Marcos foi investigado por suposta prática de lesão corporal de natureza grave e, ao final, denunciado pelo Ministério Público pelo cometimento do delito previsto no artigo 129, §1º,I, do CP, Durante a instrução criminal, a Defesa aventou a hipótese de o crime ter sido praticado em legitima defesa. Ao final da instrução, após interrogatório do réu, o Magistrado concedeu o prazo sucessivo de cinco dias para as partes apresentarem memoriais escritos, diante da complexidade do caso, conforme previsão do artigo 403, §3º, do Código de Processo Penal. Com base no que foi narrado acima, é correto afirmar que o ônus da prova
- A)cabe a quem alega, razão pela qual a defesa deverá provar que o réu agiu em legítima defesa.
Correta, porque a tese de legítima defesa foi alegada pela defesa, e, em regra, ônus probandi recai sobre quem afirma o fato.

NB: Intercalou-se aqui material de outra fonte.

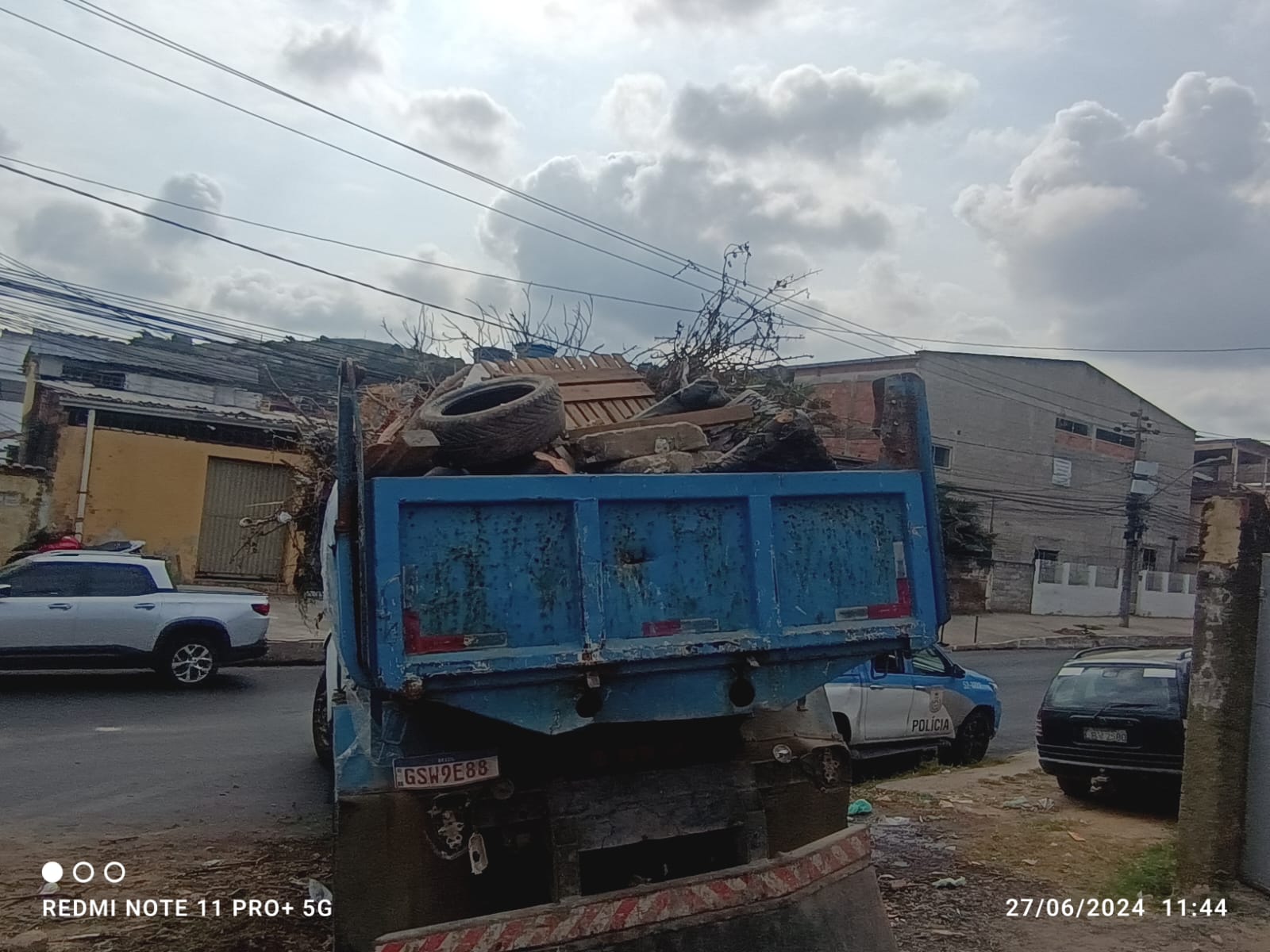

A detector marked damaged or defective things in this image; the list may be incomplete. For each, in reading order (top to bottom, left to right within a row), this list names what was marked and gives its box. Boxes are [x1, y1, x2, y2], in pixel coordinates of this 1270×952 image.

broken concrete [572, 425, 708, 466]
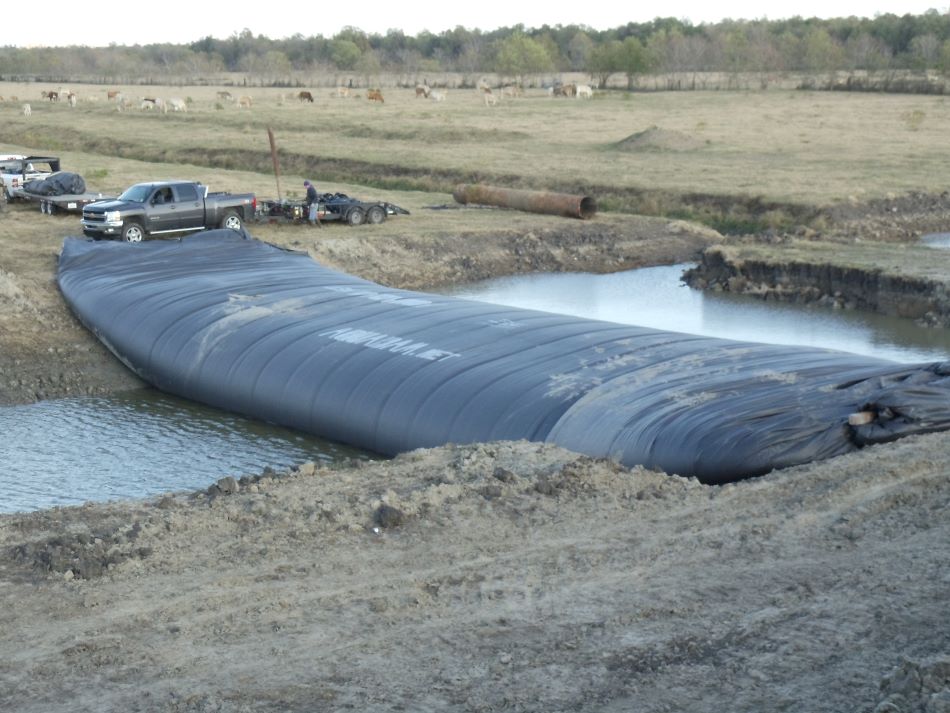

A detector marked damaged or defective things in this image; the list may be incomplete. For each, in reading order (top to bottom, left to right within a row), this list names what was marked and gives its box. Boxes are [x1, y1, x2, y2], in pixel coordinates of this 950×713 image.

rusty pipe [452, 182, 596, 218]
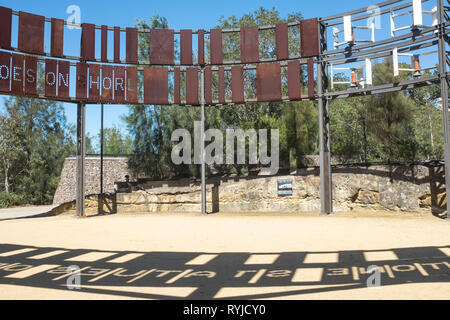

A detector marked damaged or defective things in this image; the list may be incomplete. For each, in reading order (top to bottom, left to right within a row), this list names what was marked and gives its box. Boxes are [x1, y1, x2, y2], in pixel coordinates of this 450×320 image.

rusty metal structure [0, 0, 448, 218]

- B)incumbe às partes, razão pela qual o Ministério Público, a Defesa e o Juiz deverão diligenciar para tentar provar a alegação de legitima defesa.
Errada, porque o juiz não tem dever de provar versão de qualquer parte, já que sua função é valorar as provas produzidas e não substituir acusação e defesa.
- C)incumbe à acusação, razão pela qual o Parquet poderá utilizar os meios lícitos e/ou ilícitos para tentar alcançar a verdade dos fatos sobre a tese alegada (princípio da verdade real).
Errada, porque a acusação não pode usar meios ilícitos de prova, e o princípio da verdade real não autoriza violar a licitude probatória.
- D)cabe à acusação, razão pela qual o Ministério Público deverá provar que o réu não agiu em legítima defesa.
Errada, porque transfere integralmente à acusação a prova de que não houve legítima defesa, quando a tese foi suscitada pela própria defesa.
- E)incumbe à acusação, razão pela qual o Parquet poderá utilizar apenas os meios lícitos e legítimos para tentar alcançar a verdade dos fatos sobre a tese alegada.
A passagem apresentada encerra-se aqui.